Applying Big Data in Innovative Ways as the Leader of a New Interdisciplinary Research Center
Big data has been attracting a great deal of attention in recent years, but there is still no real sense of the role it can play in society. NTT is now taking a giant step toward the widespread, practical application of big data analysis. Senior Distinguished Scientist Dr. Naonori Ueda is an active pioneer in the research of machine learning. We asked him about his career in research and about the Machine Learning Data Science Center that he directs.
Keywords: big data, machine learning, statistics
From an early interest in statistical learning theory to becoming an expert in machine learning
—Dr. Ueda, please tell us about your research career to date.
After receiving my M.S. degree in communication engineering from Osaka University in 1984, I entered the Electrical Communication Laboratories of Nippon Telegraph and Telephone Public Corporation in Yokosuka, Japan. At that time, I was assigned to a laboratory involved in the research and development (R&D) of image-processing and pattern-recognition technologies, but since the group was right in the middle of using their research results in practical applications, and as I was just a newcomer, I was relegated to doing tasks outside research such as taking the minutes of meetings and carrying magnetic tapes to other research sites. During whatever free time I had, I read books and papers on specialized topics to learn as much as I could, and I found myself yearning to become more involved in pure research.
One year later, Nippon Telegraph and Telephone Public Corporation was taken private to become NTT. I was given the task of covering up labels saying “Nippon Telegraph and Telephone Public Corporation” on a huge number of devices and fixtures with stickers having the name “NTT.” I remember with some fondness how I was buried under with this work for days on end and how I even surprised, if not angered, some female employees when I crawled under their desks to affix these stickers. NTT R&D was also targeted for restructuring, and with the establishment of NTT Human Interface Laboratories in 1987, some personnel including myself were transferred there, and I was assigned to do basic research in the field of computer vision. Specifically, I took up the theme of image understanding from line drawings, and it was at this time that I began to develop an interest in statistical learning theory.

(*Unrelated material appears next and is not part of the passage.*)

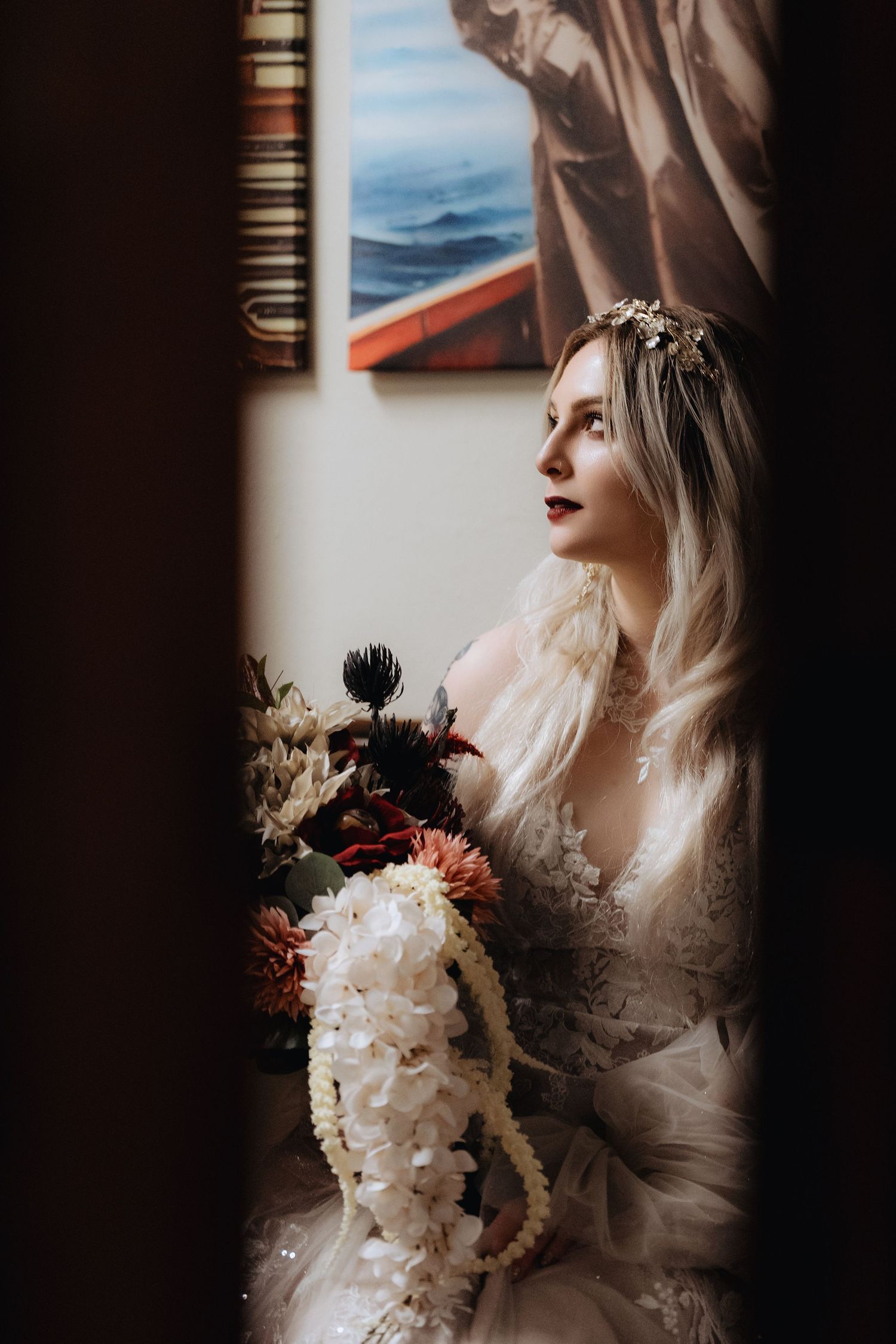 A series of moody bridal portraits showing a white wedding dress and bouquet in dramatic window lighting.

Then, in 1991, I moved over to the newly established NTT Communication Science Laboratories in Keihanna and began doing basic research in the field of statistical machine learning (Fig. 1). The next ten years proved to be a very fulfilling time for me as I was able to immerse myself in research with stays at Purdue University in the United States as a visiting scholar, the University College London in the United Kingdom for short-term research, and elsewhere. Then, beginning in 2010, I served for about three years as director of NTT Communication Science Laboratories. Finally, in April 2013, I became a Senior Distinguished Scientist and in July, Director of the newly established Machine Learning Data Science Center (MLC). I should mention here that MLC was initially founded as a virtual organization in April 2013 but was launched as a formal organization in July 2013. My superiors said to me, “There are great expectations that MLC will bring machine learning and big data together and make a huge contribution to the R&D of big data applications at NTT.” As director, I take my position very seriously and realize that this is a heavy responsibility.
Machine learning as an optimal tool for creating new value from the analysis of human behavior
—What exactly is machine learning?
Machine learning was developed in around 1970 as a research field within the area of artificial intelligence. Neural networks, by the way, which boomed in the 1980s, are a type of machine-learning technology that has come to be used in a variety of application fields. This boom died down some years later, but machine learning, perhaps as a result of the fact that the boom died down, went on to evolve into a somewhat simple form of mathematics-oriented research called learning theory.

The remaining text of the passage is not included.